▶ Task directions
In this exercise, print only the lines from the line with "Purple starry sky" to the last line of the data below, inclusive. Any pictures should be left out.

Scraped caption text data

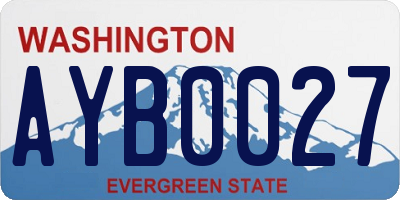 WA license plate AYB0027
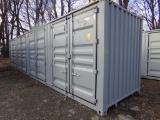 New 40' Storage Container, 4 Side Access Doors on One Side, Barn Doors in 1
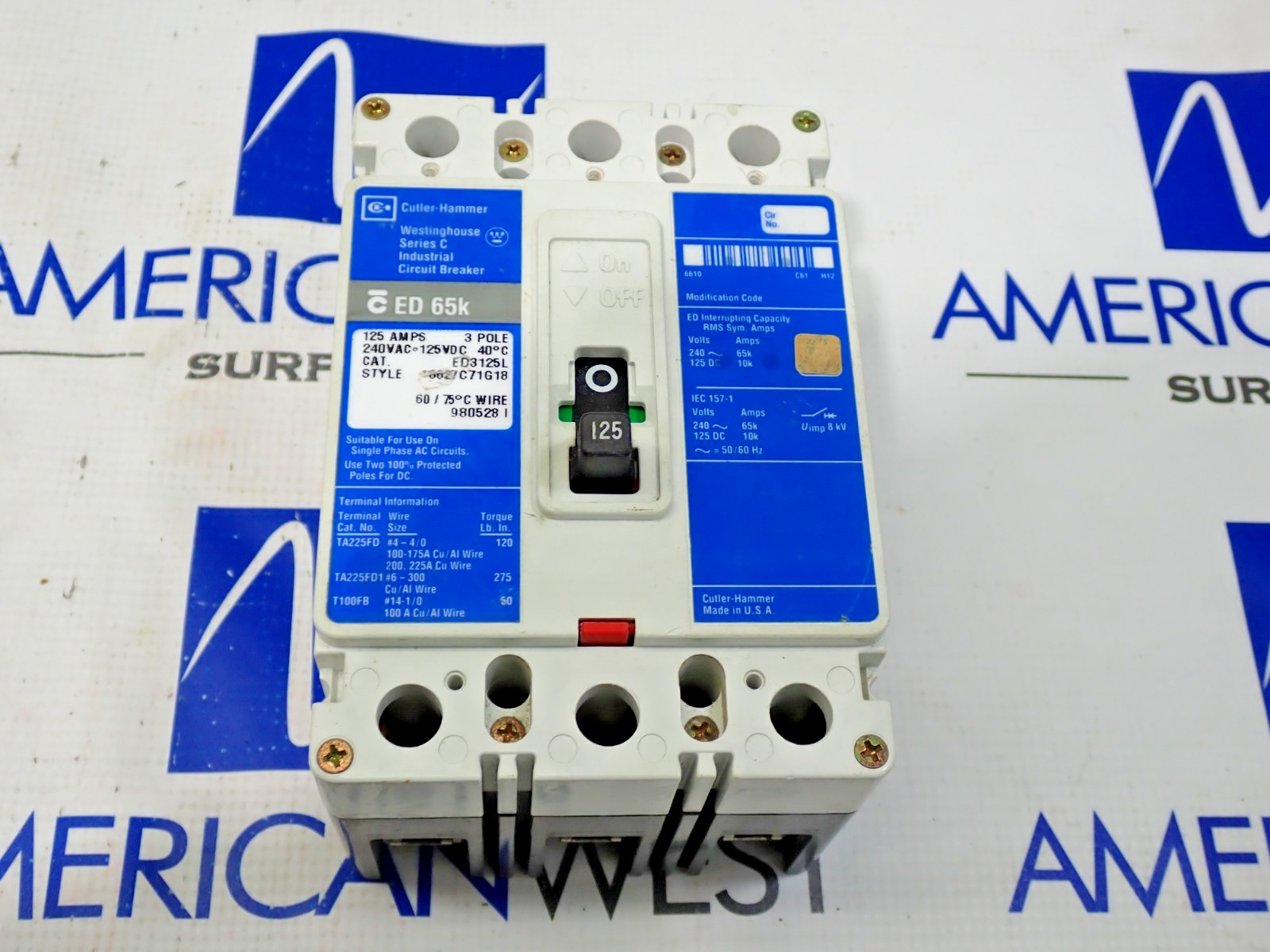 Cutler Hammer Westinghouse ED3125L 125 Amp 240V 3 Pole ED 65K Circuit Breaker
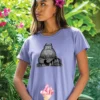 B. Kliban Yoga Cat - Lavender Dyed Short Sleeve Crewneck T-Shirt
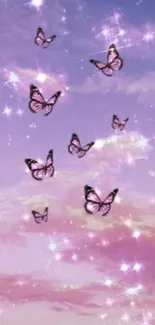 Purple starry sky with butterflies and sparkles.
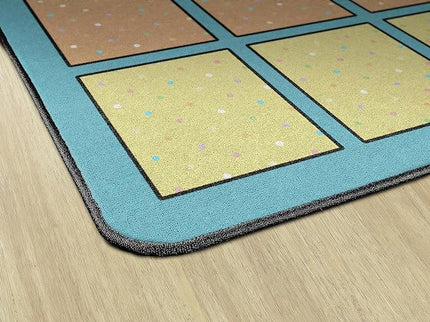 Flagship Carpets Happy Squares Educational Area Rug for Kids Room Seating Décor, Children's Classroom, Play Carpet for Teaching and Playroom, Seats 20, 6' x 8'4", Blue & Multi Color - LeafyLoom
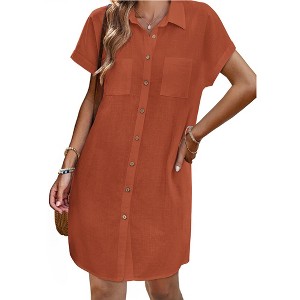 Womens Summer Casual Button Down Short Sleeve Shirt Dress V Neck Linen Loose Tunic Mini Dresses - 1 of 3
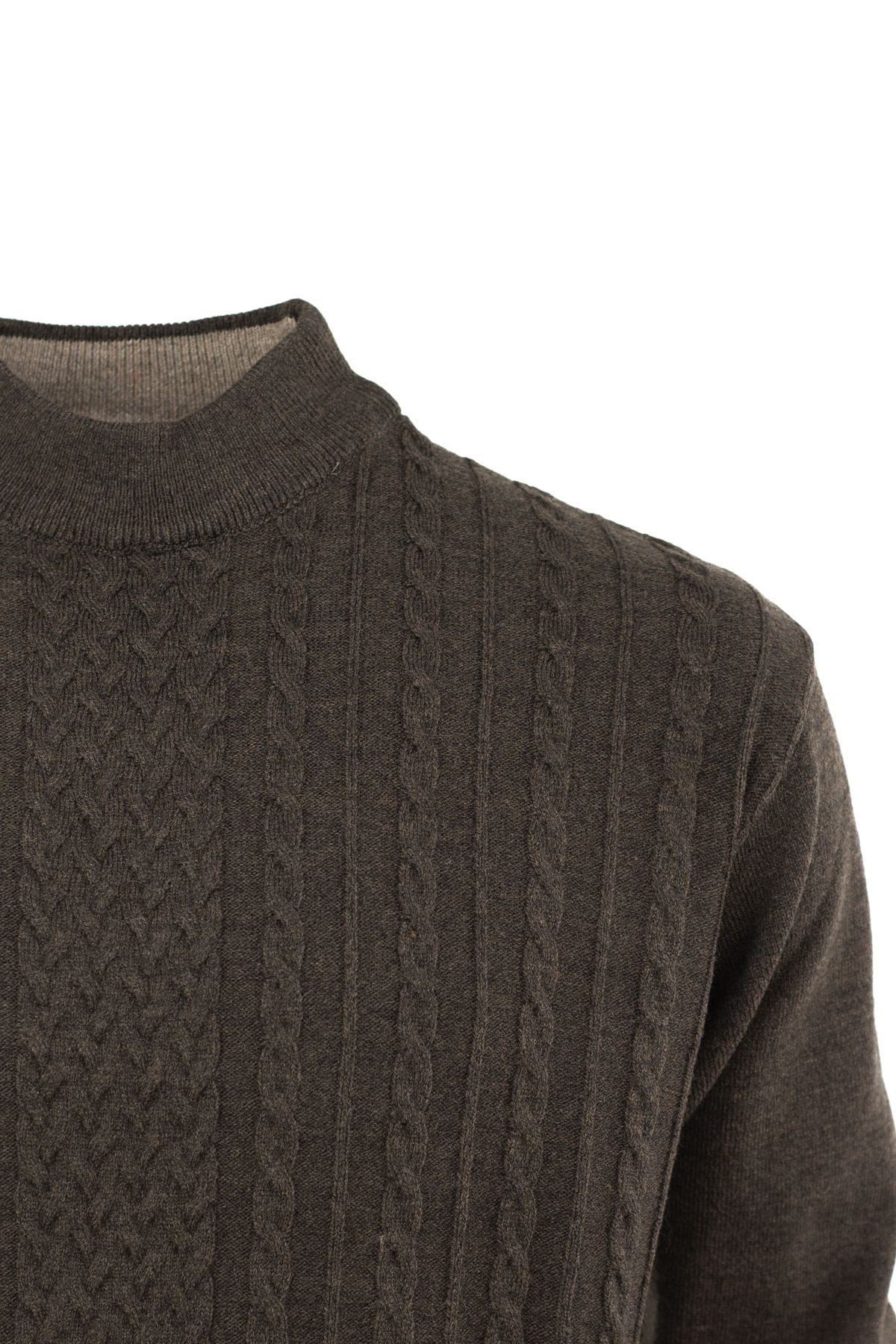 Erkek Kışlık Desenli Yarım Balıkçı Yaka Rahat Tam Kalıp Kalın Premium Yünlü Dokuma Kazak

▶ Exercise response
 Purple starry sky with butterflies and sparkles.
 Flagship Carpets Happy Squares Educational Area Rug for Kids Room Seating Décor, Children's Classroom, Play Carpet for Teaching and Playroom, Seats 20, 6' x 8'4", Blue & Multi Color - LeafyLoom
 Womens Summer Casual Button Down Short Sleeve Shirt Dress V Neck Linen Loose Tunic Mini Dresses - 1 of 3
 Erkek Kışlık Desenli Yarım Balıkçı Yaka Rahat Tam Kalıp Kalın Premium Yünlü Dokuma Kazak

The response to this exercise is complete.